Web page caption snippets
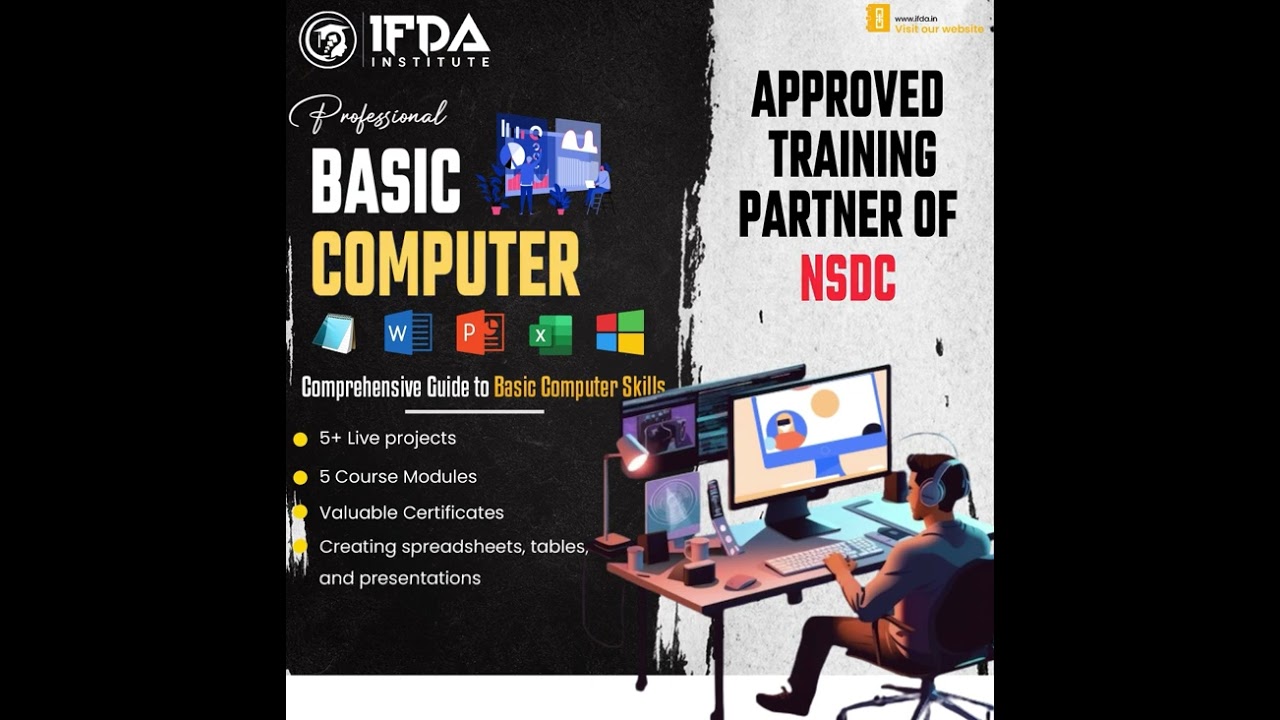 Unlock the power of technology with basic computer skills! || IFDA INSTITUTE  #ifdainstitute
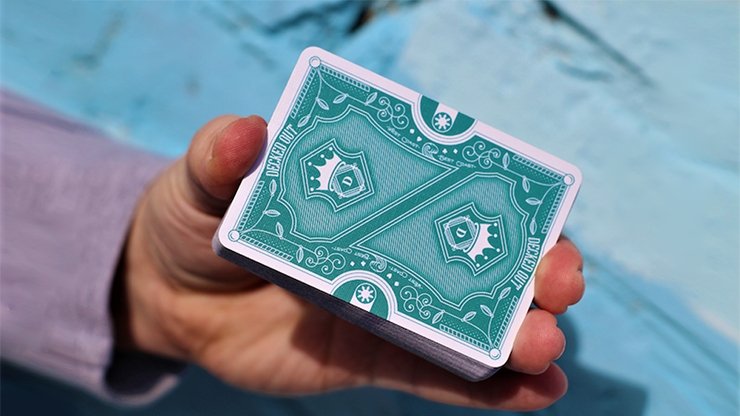Benchmark (Teal) Playing Cards - Merchant of Magic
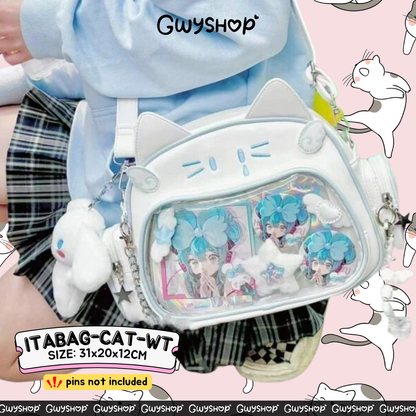 Kawaii Cat Itabag Backpack Crossbody Bag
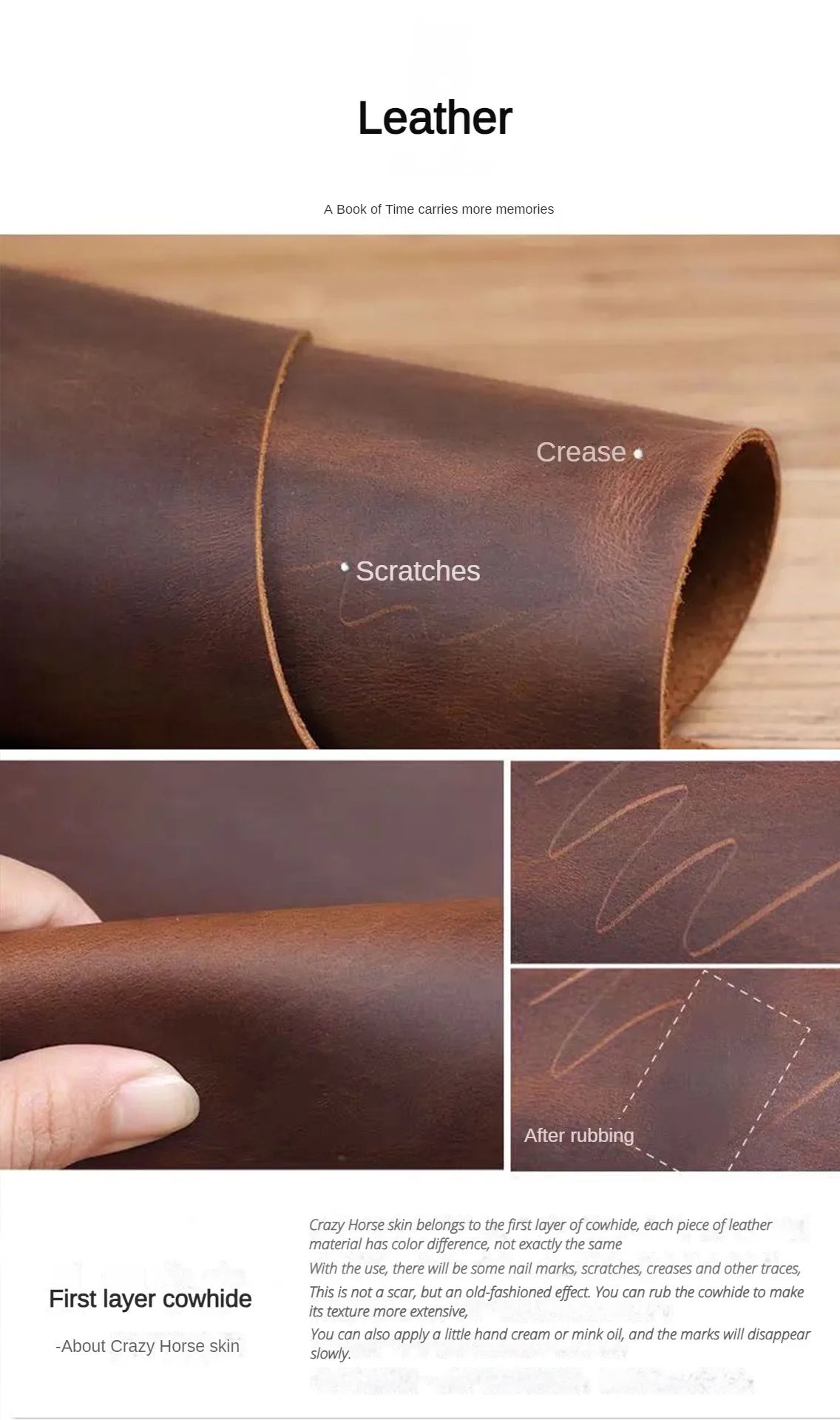 Travel Note Book Wax Thread Sewing Journal Genuine Leather Notebook Handmade DIY  Men Women Exquisite Gift Retro Durable Planner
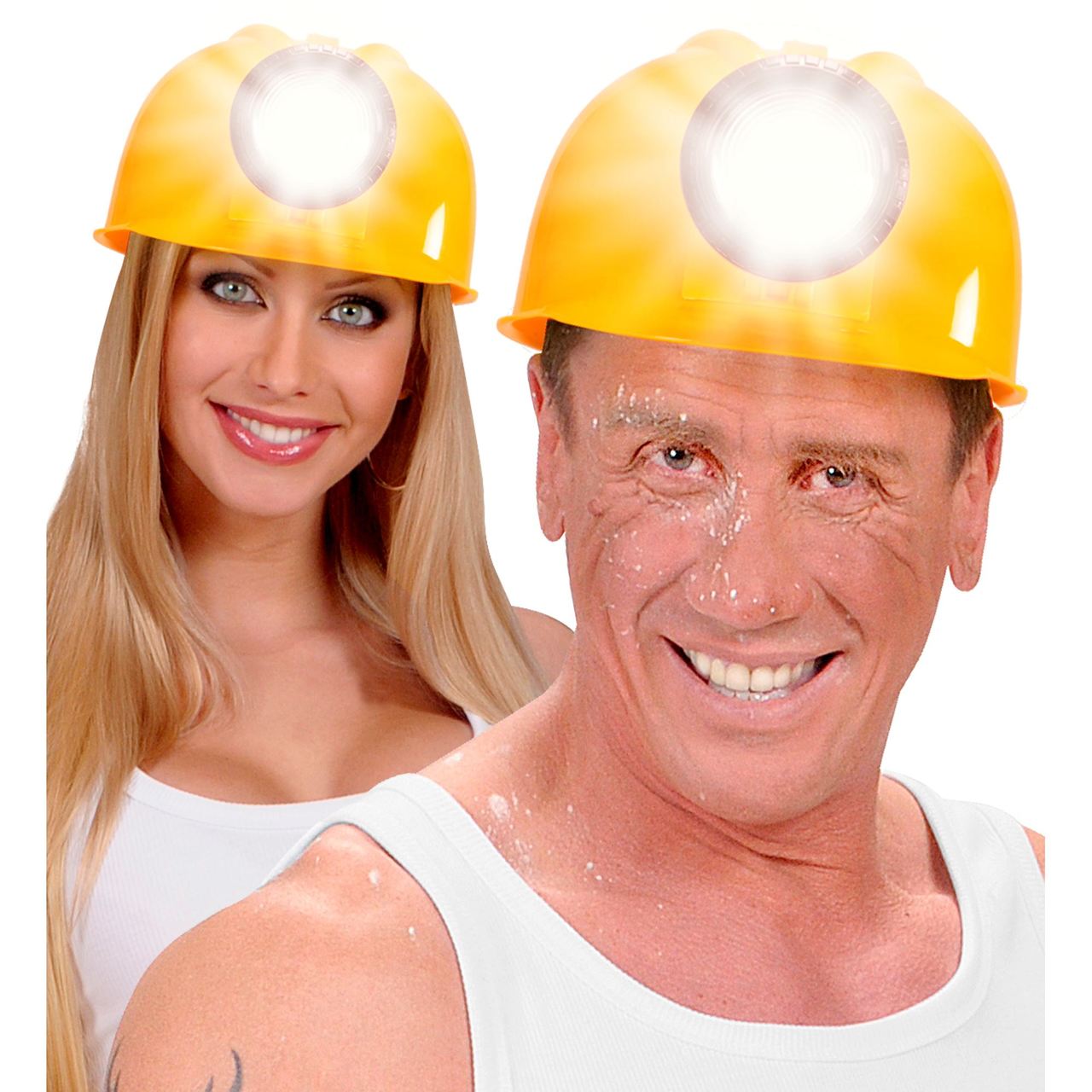 Casque d'Ouvrier avec Lumière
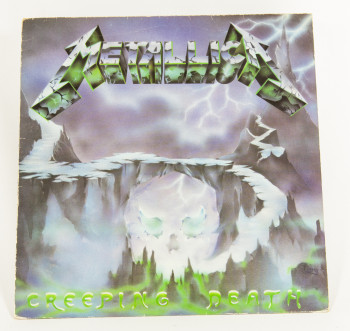 Metallica Creeping Death, Music For Nations united kingdom, 12" clear light blue Mislabel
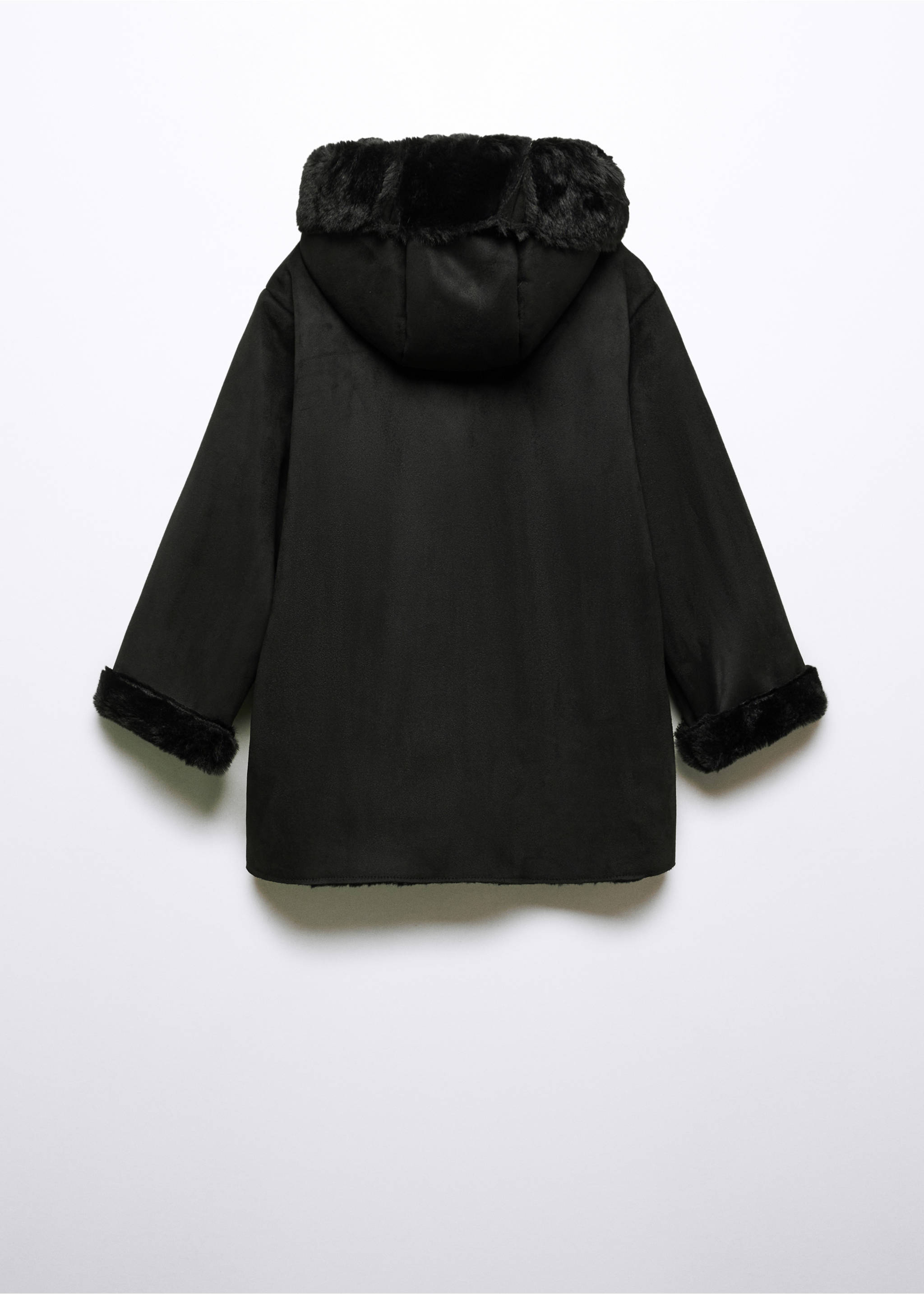 Cappotto double face - Retro dell'articolo, Nero. Ref: 57016311-00.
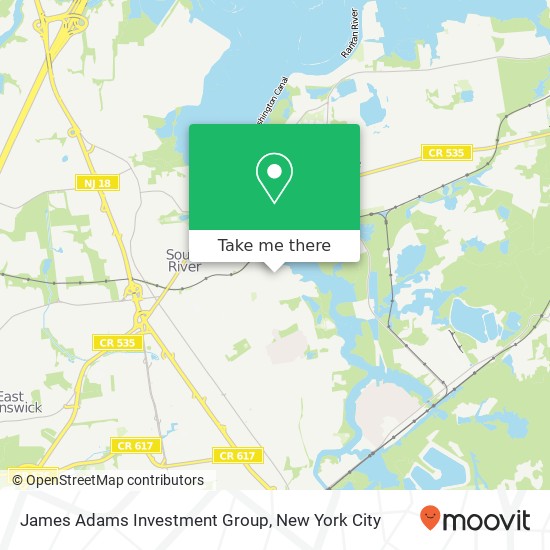 Mapa de James Adams Investment Group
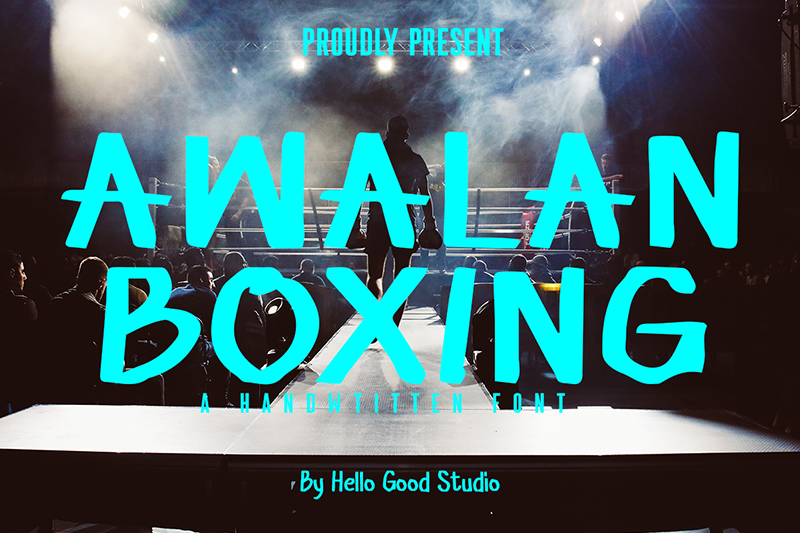 Awalan Boxing Font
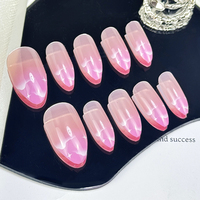 Proveedor Chino de Uñas Postizas Cortas, Estilo Stiletto y Almendrado, Uñas Artificiales Personalizadas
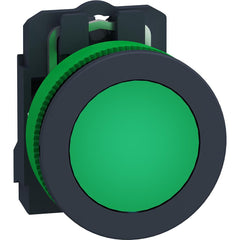 Pilot & Indicator Lights; Pilot Light Type: Press-to-Push Pilot Light; Lamp Type: LED; Light Color: Green; Voltage: 240.00 V, 230.00 V; Overall Diameter: 1.180; Electrical Connection Type: Screw Clamp; Panel Cut-out Diameter: 30 mm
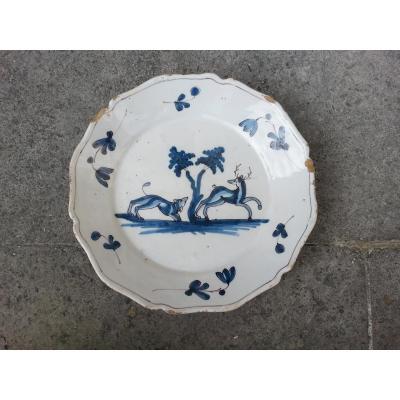 Plate. Earthenware. 19th.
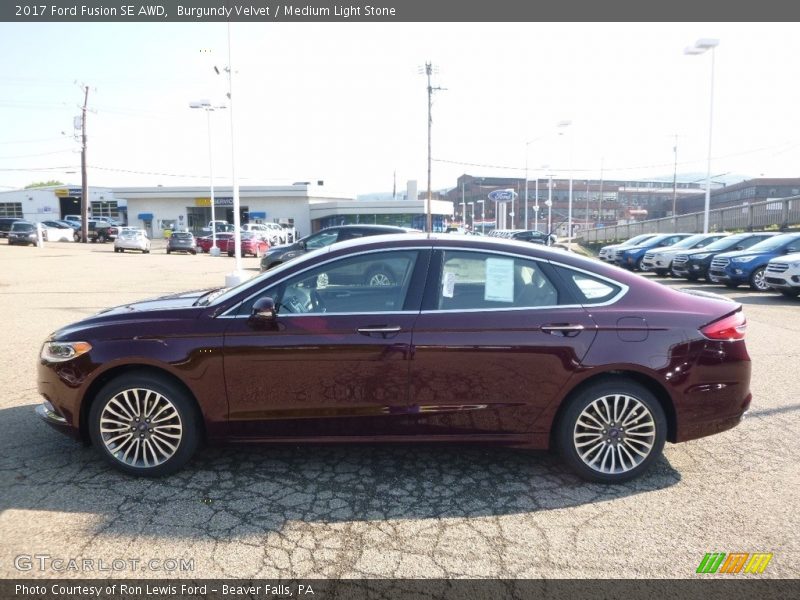 Burgundy Velvet / Medium Light Stone 2017 Ford Fusion SE AWD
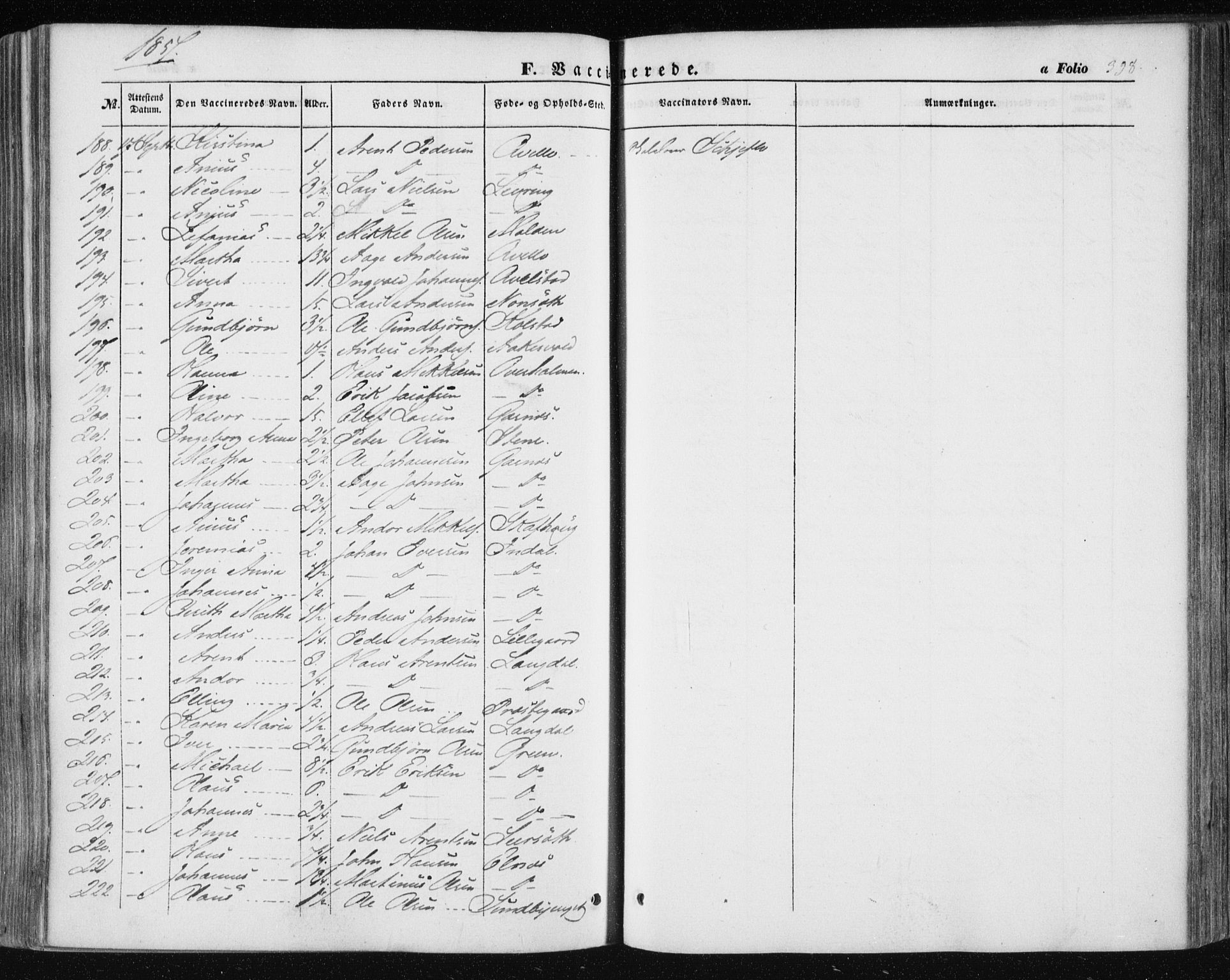 Ministerialprotokoller, klokkerbøker og fødselsregistre - Nord-Trøndelag, SAT/A-1458/723/L0240: Ministerialbok nr. 723A09, 1852-1860, s. 398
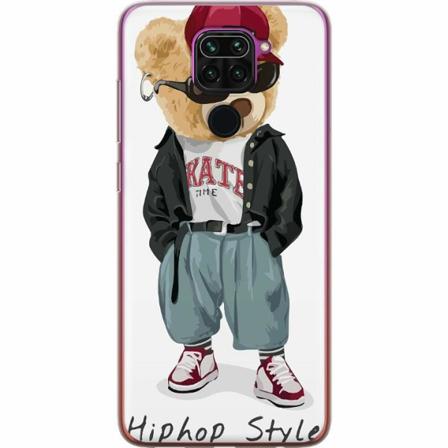 Xiaomi Redmi Note 9 Mjukt Skal - Fashion Bear
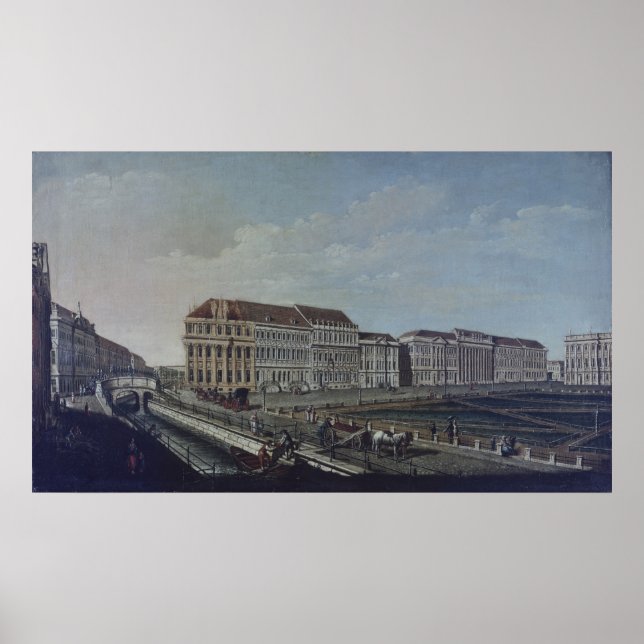 Póster Gabinete de Posto em Potsdam, 1784 (Frente)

# What this task involves
Please set down the lines from the one with "Plate. Earthenware. 19th." to the end of the entries above, exactly as they are, and drop every picture.

# Exercise response
 Plate. Earthenware. 19th.
 Burgundy Velvet / Medium Light Stone 2017 Ford Fusion SE AWD
 Ministerialprotokoller, klokkerbøker og fødselsregistre - Nord-Trøndelag, SAT/A-1458/723/L0240: Ministerialbok nr. 723A09, 1852-1860, s. 398
 Xiaomi Redmi Note 9 Mjukt Skal - Fashion Bear
 Póster Gabinete de Posto em Potsdam, 1784 (Frente)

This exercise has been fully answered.